想了想,又想了想,又又想了想之后,他最终还是压下了好奇,他暂时没有多余的心力,跟眼前这个疑似主谋的青年对话。
然后,在随着时间的逝去,越发紧绷的状态下,他拿起桌上那支水笔,填起了那张空白的单子。
内部环境、服务态度、最佳美味……
他心不在焉地填写着。
“乙骨同学。”
笔尖顿了顿,他抬头看向夏油杰,只听夏油杰继续说了句“可以适当吃点果腹”。
“你究……”他抿了下唇,心思流转之间,立刻换了个问题,“你为什么要当诅咒师呢?”
他本来想问“你究竟有什么目的”,但考虑到夏油杰目前的态度,他还是决定委婉一些,慢慢引入那个问题。

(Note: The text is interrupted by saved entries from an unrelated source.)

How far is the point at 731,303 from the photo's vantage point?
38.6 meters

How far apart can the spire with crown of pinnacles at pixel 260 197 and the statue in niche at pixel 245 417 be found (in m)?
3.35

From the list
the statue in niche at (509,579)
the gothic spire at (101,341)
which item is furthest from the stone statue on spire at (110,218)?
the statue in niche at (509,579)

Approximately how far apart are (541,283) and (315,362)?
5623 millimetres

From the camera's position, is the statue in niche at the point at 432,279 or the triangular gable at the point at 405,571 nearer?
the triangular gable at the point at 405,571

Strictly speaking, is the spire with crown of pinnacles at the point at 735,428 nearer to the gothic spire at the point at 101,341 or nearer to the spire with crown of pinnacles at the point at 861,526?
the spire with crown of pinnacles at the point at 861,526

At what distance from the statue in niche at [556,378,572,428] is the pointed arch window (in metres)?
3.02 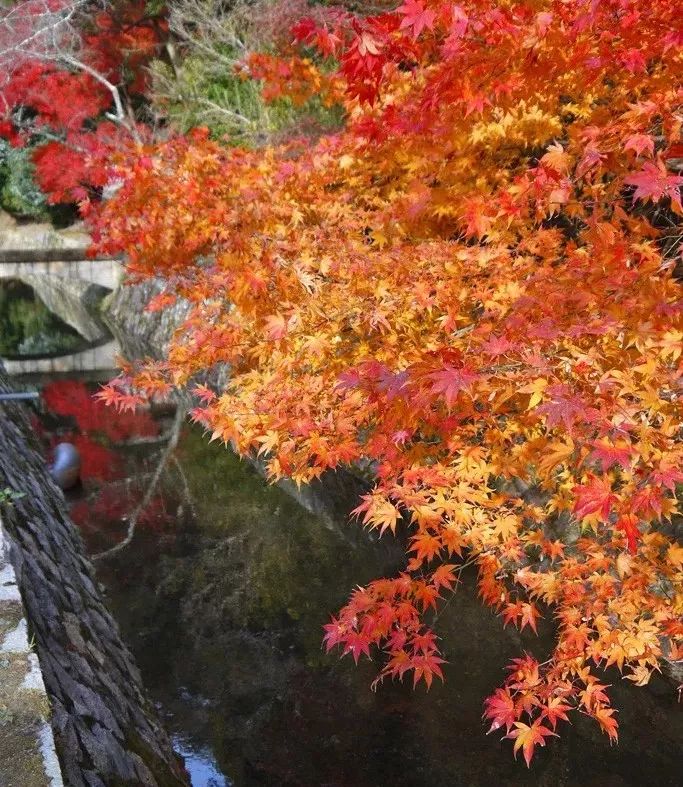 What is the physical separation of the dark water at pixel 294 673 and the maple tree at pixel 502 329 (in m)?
0.27

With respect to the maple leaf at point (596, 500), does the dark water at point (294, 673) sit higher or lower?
lower

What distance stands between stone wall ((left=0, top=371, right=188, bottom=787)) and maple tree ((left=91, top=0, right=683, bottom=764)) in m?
1.24

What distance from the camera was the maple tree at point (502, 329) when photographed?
3332mm

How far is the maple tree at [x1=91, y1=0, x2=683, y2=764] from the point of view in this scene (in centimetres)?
333

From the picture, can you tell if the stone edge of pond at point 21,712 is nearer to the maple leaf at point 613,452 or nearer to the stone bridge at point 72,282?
the maple leaf at point 613,452

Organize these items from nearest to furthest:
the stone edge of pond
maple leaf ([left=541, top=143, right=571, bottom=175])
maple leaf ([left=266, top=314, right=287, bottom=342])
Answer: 1. the stone edge of pond
2. maple leaf ([left=541, top=143, right=571, bottom=175])
3. maple leaf ([left=266, top=314, right=287, bottom=342])

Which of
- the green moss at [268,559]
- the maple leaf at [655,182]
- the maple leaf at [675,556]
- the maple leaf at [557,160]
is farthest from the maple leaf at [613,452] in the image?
the green moss at [268,559]

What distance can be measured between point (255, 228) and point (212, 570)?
323 centimetres

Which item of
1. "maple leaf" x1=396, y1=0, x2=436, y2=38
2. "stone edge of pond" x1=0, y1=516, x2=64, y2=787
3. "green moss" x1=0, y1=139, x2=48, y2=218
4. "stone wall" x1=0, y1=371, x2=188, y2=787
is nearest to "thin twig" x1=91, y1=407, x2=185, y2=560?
"stone wall" x1=0, y1=371, x2=188, y2=787

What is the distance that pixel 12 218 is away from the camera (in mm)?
24188

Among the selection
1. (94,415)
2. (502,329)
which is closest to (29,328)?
(94,415)

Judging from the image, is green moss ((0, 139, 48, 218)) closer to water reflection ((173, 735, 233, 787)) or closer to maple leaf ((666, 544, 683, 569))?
water reflection ((173, 735, 233, 787))

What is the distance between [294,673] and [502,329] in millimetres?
3158

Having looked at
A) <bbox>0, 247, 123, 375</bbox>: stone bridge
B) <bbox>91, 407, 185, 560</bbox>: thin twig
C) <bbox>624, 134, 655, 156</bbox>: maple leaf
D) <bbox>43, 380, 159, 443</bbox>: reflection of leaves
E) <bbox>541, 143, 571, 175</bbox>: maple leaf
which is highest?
<bbox>624, 134, 655, 156</bbox>: maple leaf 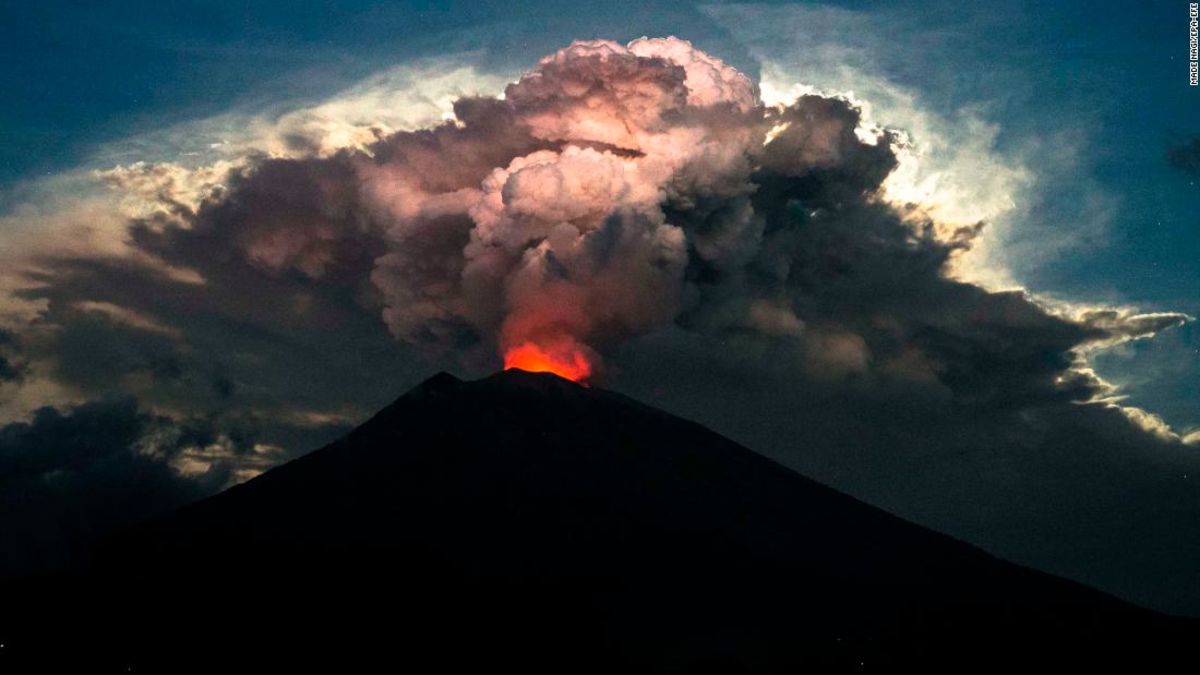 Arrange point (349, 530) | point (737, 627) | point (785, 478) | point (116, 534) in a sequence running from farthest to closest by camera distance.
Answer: point (785, 478) < point (116, 534) < point (349, 530) < point (737, 627)

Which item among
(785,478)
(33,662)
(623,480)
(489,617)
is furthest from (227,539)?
(785,478)

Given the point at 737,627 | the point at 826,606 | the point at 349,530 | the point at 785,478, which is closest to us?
the point at 737,627

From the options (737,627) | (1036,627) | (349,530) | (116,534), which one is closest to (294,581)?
(349,530)

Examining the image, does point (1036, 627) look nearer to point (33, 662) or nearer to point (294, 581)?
point (294, 581)

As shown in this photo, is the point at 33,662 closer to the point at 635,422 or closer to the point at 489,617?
the point at 489,617

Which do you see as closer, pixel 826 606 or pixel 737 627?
pixel 737 627

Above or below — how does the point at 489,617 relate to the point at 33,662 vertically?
above

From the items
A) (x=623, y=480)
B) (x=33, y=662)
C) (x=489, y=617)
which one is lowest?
(x=33, y=662) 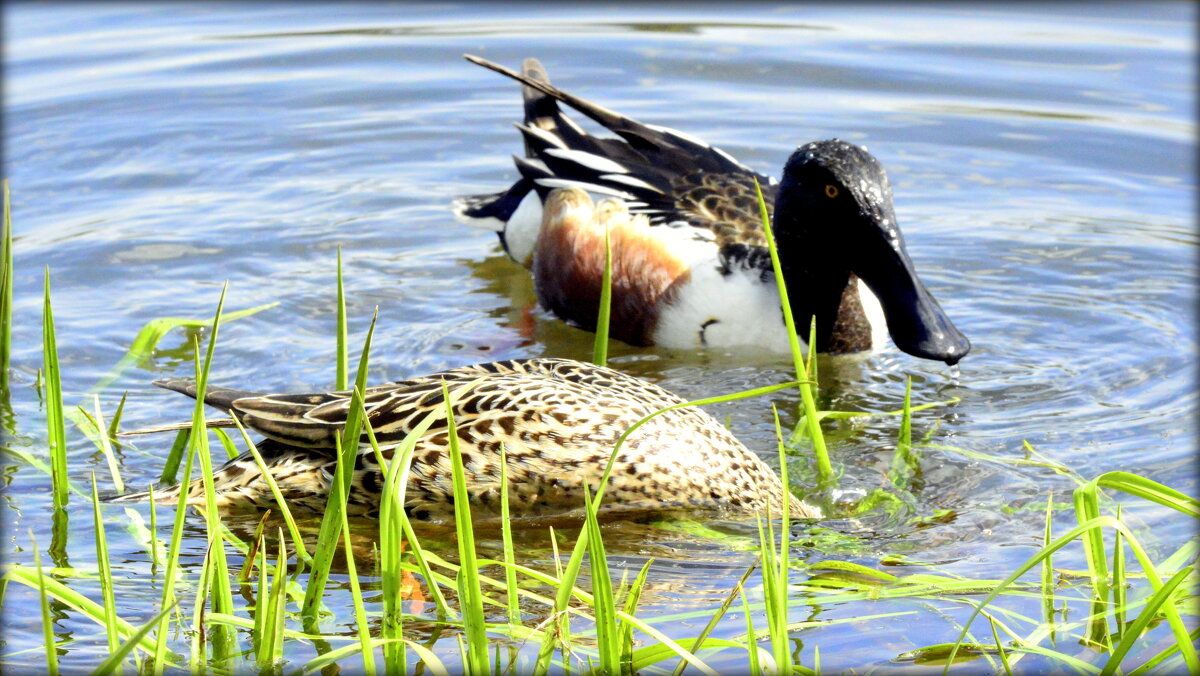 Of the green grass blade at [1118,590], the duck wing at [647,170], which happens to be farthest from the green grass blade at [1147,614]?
the duck wing at [647,170]

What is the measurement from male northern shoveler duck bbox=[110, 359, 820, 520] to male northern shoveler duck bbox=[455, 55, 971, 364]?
157 cm

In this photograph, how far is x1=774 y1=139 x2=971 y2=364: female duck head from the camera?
5500 mm

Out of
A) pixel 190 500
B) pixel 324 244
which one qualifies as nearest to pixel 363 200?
pixel 324 244

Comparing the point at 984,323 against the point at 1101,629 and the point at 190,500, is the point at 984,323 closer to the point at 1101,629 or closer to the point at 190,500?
the point at 1101,629

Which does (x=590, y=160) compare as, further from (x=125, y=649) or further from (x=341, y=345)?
(x=125, y=649)

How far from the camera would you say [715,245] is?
6.21m

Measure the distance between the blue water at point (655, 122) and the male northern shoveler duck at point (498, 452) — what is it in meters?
0.15

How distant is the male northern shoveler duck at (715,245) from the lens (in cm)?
573

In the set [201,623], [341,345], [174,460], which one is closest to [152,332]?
[174,460]

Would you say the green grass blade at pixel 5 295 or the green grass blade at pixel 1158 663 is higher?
the green grass blade at pixel 5 295

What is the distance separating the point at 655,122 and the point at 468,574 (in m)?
6.85

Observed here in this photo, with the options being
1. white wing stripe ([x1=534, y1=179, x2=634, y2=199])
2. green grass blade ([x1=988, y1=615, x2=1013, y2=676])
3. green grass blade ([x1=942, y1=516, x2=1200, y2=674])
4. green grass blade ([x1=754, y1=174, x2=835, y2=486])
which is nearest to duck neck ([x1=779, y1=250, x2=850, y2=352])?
white wing stripe ([x1=534, y1=179, x2=634, y2=199])

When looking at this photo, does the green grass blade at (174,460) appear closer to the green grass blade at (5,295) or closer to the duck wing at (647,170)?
the green grass blade at (5,295)

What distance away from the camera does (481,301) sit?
6914mm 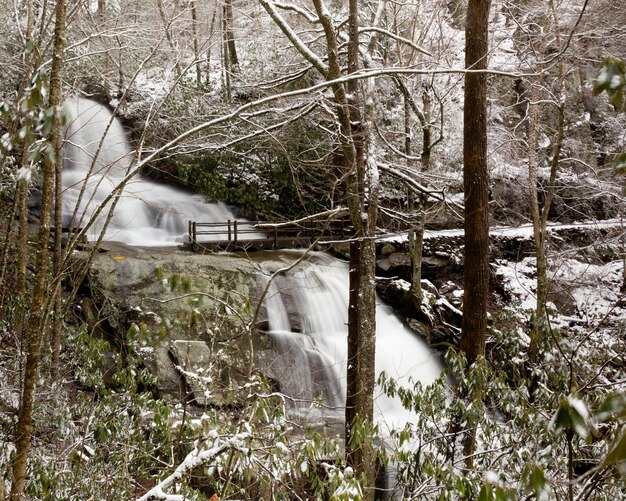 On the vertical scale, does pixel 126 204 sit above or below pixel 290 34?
below

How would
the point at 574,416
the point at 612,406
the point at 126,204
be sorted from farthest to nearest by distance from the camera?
the point at 126,204, the point at 574,416, the point at 612,406

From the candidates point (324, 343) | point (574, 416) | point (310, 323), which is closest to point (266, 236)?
point (310, 323)

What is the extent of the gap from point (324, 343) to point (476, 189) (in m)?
6.43

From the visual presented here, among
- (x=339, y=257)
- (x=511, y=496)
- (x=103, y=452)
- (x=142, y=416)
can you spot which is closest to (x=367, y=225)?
(x=142, y=416)

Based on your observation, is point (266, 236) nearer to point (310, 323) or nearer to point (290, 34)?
point (310, 323)

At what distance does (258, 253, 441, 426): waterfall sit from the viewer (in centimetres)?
1083

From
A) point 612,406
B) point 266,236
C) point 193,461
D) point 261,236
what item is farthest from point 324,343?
point 612,406

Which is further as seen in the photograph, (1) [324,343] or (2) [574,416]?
(1) [324,343]

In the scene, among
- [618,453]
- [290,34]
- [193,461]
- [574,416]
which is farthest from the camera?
[290,34]

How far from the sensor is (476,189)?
6.55 meters

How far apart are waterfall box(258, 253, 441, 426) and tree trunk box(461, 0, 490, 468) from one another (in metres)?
4.22

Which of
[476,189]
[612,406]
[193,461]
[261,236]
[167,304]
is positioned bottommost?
[193,461]

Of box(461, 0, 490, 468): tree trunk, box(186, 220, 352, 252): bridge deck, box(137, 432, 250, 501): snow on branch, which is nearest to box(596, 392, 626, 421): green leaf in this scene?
box(137, 432, 250, 501): snow on branch

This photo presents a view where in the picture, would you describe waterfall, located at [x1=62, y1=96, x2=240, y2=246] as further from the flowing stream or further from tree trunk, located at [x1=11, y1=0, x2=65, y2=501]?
tree trunk, located at [x1=11, y1=0, x2=65, y2=501] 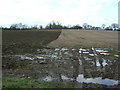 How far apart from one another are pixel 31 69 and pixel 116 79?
421 cm

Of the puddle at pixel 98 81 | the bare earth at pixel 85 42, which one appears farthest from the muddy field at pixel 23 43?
the puddle at pixel 98 81

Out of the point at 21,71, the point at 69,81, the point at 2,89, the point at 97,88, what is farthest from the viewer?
the point at 21,71

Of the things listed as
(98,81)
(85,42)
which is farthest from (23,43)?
(98,81)

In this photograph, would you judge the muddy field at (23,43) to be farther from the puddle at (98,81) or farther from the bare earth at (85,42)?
the puddle at (98,81)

“诅咒师?当诅咒师?”夏油杰发出了几声哼笑,“‘诅咒师’只是他们强加给我的标签而已。”
“你不喜欢这个标签?”
“一般,称不上喜欢,也称不上不喜欢,对我来说,这个标签没有太大影响。”
“那你为什么要叛逃呢?”乙骨忧太问。
没有太大影响,并不代表没有影响,而被贴上这个标签、受到影响的源头就是“叛逃”。
夏油杰微怔,没有立刻回答,而是偏头看向了窗外,看着窗外的车流出神。
看来,不该问这个问题,无法进行下去了。乙骨忧太暗自懊悔。
就在他以为夏油杰不会回答,重新开始填写的时候,他耳边响起了一句——
“咒术师的尽头不该是堆积如山的尸体。”
他抬起头,看着眼前这个收敛了笑意的青年,一时之间不知道应该作出什么反应。
夏油杰淡淡瞥了眼,随后重新拿起那张单子,将目光投在了那张单子上,不再关注他眼中那个未来可期的孩子。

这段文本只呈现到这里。